LABELS: MDG Scene
WORKS: Sonata in C minor, Op. 21; Etude symphonique Op. 28; Etudes de concert, Op. 35; Etude mélodique, Op. 18; Etude pathétique, Op 124; Etude romantique, Op. 132; Etude humoristique, Op. 138; Etude scolastique, Op. 139; Souvenir d’enfance
PERFORMER: Johann Blanchard (piano)
CATALOGUE NO: MDG 904 1871-6
In the 1955 edition of his Oxford Companion to Music, Percy Scholes described Chaminade’s short piano pieces as having ‘no intricacy of texture, no elaboration of form, and no depth of feeling’, but as being ‘so tasteful in conception and execution as to disarm the highbrow critic’. It seems probable that Johann Blanchard wanted to counter this condescending attitude by turning to her more substantial works, notably her C minor Sonata, published in 1895. He does an honest and technically competent job. The question is, do more intricate textures and elaborate forms add any depth of feeling?
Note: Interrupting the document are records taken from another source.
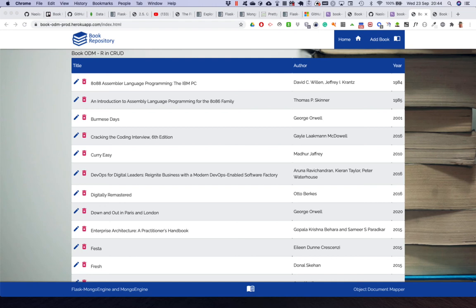Hello, welcome back again to my walkthrough of the object document mapper MongoEngine. This is the third and last video of the three. We've covered the configuration and the initial set of the continuous development and deployment workflow.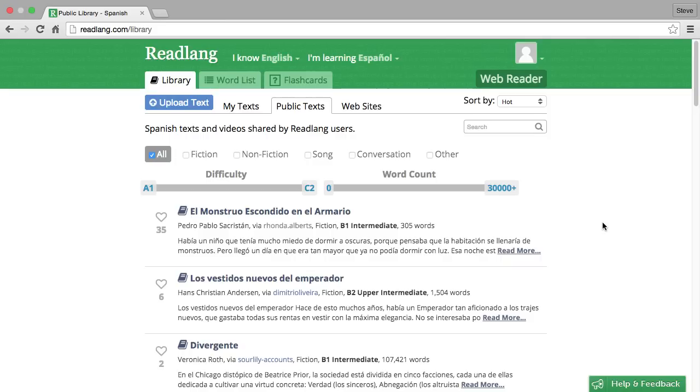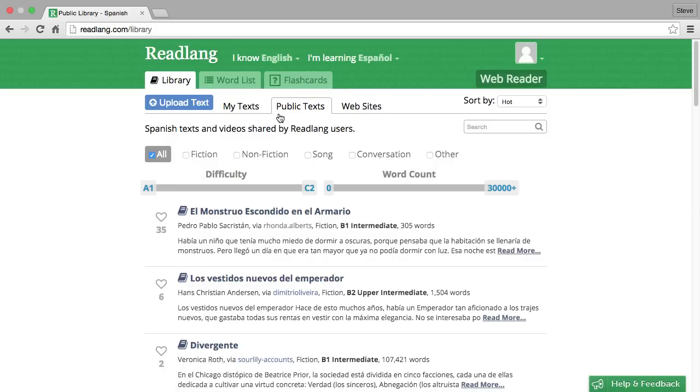Okay, now that you're signed up to Readlang, the first thing I recommend you do is find something to read. You'll see here we're in the library section of Readlang and within the library we're in the public text section. This contains texts and videos which have been shared by other Readlang users.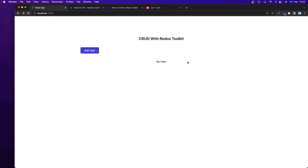Hello everyone and welcome back. Today we are going to learn how to use Redux Toolkit, and I'm also going to show you how to create, read, update, and delete with Redux Toolkit.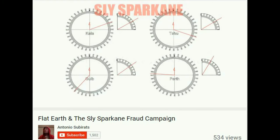Sun altitude is measured from the horizon. Now, top left should be 57.87 degrees, top right should be 56.66 degrees, bottom left should be 52.14 degrees, bottom right should be 28.66 degrees. Now every single one of these compasses that you have made, Slice Sparkane, is wrong.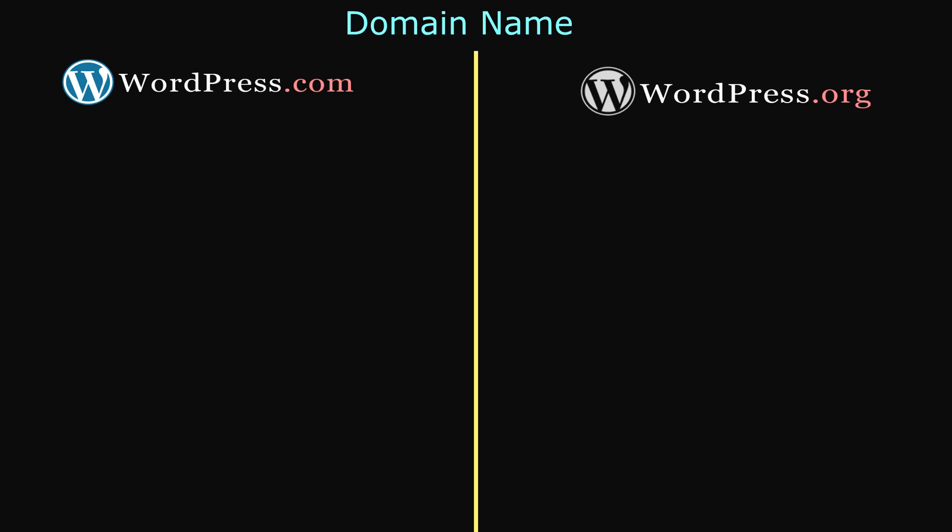Let's take a look at the domain name differences for the two types of WordPress. Just so you know, a domain name is the address name of your website. So for example, my domain name is www.peterstavro.com. Now, if you decide to go with WordPress.com, your domain name by default will look like this.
Sadly, the answer must be ‘no’. I can’t think that having Benjamin Godard as her composition teacher was the best of starts, and all that more ambitious pieces provide is a more overt, and indeed tedious reliance on tricks of the trade – particularly sequences in which you can often guess the details of the next 20 seconds or so. Above all, this music is relentlessly sentimental. No surprise, then, that it was blown away by the new music of the 1920s and that the poor composer had to sell her country villa. Despite Blanchard’s efforts, a return to Chaminade’s glory days seems unlikely.